Monday, October 19, 2015

The GOP's Tax Cut Economics: Repeal of Affordable Care Act will increase deficits, toss 50 million off coverage.

The Affordable Care Act is about to get repealed via reconciliation, needing only 51 votes in Senate. Republicans will tell you the cut in ObamaCare taxes will spur on new jobs and increased federal revenues. Like everything based on supply-side economics, it's a false assumption that will toss tens of millions of Americans of their insurance.
If Congress establishes this year that it can fully repeal ObamaCare via reconciliation, and the next president is willing, Congress could repeal ObamaCare for good in 2017.
But don't worry, supposed "patient centered" reform will create competition, lowering brain and heart surgeon fees dramatically. Maybe we'll see their services offered on Groupon someday too.

Republicans have asked CBO to score their proposed repeal of ObamaCare, and all the tax cuts they say are slowing the economy with "dynamic scoring."

Supply side-macroeconomic-dynamic scoring: It goes by different names but the end result is the same; a failed theory that has never worked. But fear not, Republicans are making a valiant effort to breathe life back into dynamic scoring, by forcing the CBO to use their trickle down, macroeconomics formula based on the belief in fairy dust, hoping for a different result this time around:
(The) opening salvo for the 114th Congress, in a “largely party-line vote of 234-172,” Republicans in the House adopted a rules package that included a provision asking the CBO, and the Joint Committee on Taxation, or JCT, to use so-called dynamic scoring in their evaluation of a proposed legislation’s budgetary impact. This move would make it easier for policymakers to enact more tax cuts based on the conservative trickle-down mythology that tax cuts for the rich grow the economy. A growing body of empirical research undermines the conservative economic mantra that tax cuts for the rich grow the economy. 
As an interesting aside, the article suggested this possible safe guard:
Given this, CBO and JCT should develop a macroeconomic model that considers how a proposed bill would impact inequality—and therefore economic growth.
What Repeal would do: GOP dynamic scoring will cover up the devastating effects of repeal with dreamy theories of job creation and cheaper health care costs.

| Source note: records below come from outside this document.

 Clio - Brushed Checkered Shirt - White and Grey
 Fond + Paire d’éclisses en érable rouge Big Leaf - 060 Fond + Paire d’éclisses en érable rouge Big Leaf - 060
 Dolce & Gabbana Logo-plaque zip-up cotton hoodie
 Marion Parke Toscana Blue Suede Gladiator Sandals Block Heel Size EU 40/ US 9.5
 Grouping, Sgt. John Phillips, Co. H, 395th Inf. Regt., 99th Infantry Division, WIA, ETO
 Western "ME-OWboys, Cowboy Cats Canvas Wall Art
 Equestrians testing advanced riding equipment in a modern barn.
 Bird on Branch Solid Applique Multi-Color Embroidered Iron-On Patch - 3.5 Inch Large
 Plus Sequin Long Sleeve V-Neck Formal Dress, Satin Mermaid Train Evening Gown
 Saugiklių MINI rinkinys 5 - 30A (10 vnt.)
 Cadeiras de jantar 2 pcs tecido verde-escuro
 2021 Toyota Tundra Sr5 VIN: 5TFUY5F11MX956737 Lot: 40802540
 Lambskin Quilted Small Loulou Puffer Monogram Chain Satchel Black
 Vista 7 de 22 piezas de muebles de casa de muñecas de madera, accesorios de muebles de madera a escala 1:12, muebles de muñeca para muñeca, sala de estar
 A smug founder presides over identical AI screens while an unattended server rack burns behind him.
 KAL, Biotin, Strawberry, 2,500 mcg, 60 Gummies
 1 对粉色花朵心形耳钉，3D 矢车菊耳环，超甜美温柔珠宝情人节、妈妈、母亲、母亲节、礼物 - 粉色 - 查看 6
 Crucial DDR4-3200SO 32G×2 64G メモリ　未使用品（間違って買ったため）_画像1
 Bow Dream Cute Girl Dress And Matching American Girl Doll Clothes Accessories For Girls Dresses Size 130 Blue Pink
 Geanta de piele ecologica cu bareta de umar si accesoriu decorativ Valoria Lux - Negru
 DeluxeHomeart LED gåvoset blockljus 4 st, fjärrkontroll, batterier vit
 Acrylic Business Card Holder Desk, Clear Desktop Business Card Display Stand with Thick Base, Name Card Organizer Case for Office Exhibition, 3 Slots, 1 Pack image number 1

In reality, tens of millions will lose their health care coverage:
CBO and JCT estimate that repealing the ACA would have several major effects, relative to the projections under current law: Including the budgetary effects of macroeconomic feedback, repealing the ACA would increase federal budget deficits by $137 billion over the 2016–2025 period. 

Excluding the effects of macroeconomic feedback—as has been done for previous estimates related to the ACA (and most other CBO cost estimates)—federal deficits would increase by $353 billion over the 2016–2025 period if the ACA was repealed. 

The uncertainty is sufficiently great that repealing the ACA could reduce deficits over the 2016–2025 period—or could increase deficits by a substantially larger margin than the agencies have estimated. However, CBO and JCT’s best estimate is that repealing the ACA would increase federal budget deficits by $137 billion over that 10-year period. 

Repealing the ACA would cause federal budget deficits to increase by growing amounts after 2025, whether or not the budgetary effects of macroeconomic feedback are included. 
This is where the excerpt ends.